* Activity
With the line containing "LG 24 Inch UltraGear" as the start and the line containing "2023-2025 Toyota Crown" as the end, transcribe that span of the entries below exactly, including both.

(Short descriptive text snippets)
━━━━━━━━━━━━━━━━━━━━━━━━━━━━━━

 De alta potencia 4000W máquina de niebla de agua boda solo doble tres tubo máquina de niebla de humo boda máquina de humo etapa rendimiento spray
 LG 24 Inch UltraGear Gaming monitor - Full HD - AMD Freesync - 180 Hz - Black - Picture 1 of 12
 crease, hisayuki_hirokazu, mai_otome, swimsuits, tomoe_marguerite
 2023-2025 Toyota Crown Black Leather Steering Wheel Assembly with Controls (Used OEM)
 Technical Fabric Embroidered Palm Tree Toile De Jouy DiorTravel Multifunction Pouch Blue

━━━━━━━━━━━━━━━━━━━━━━━━━━━━━━

* Result for this task
 LG 24 Inch UltraGear Gaming monitor - Full HD - AMD Freesync - 180 Hz - Black - Picture 1 of 12
 crease, hisayuki_hirokazu, mai_otome, swimsuits, tomoe_marguerite
 2023-2025 Toyota Crown Black Leather Steering Wheel Assembly with Controls (Used OEM)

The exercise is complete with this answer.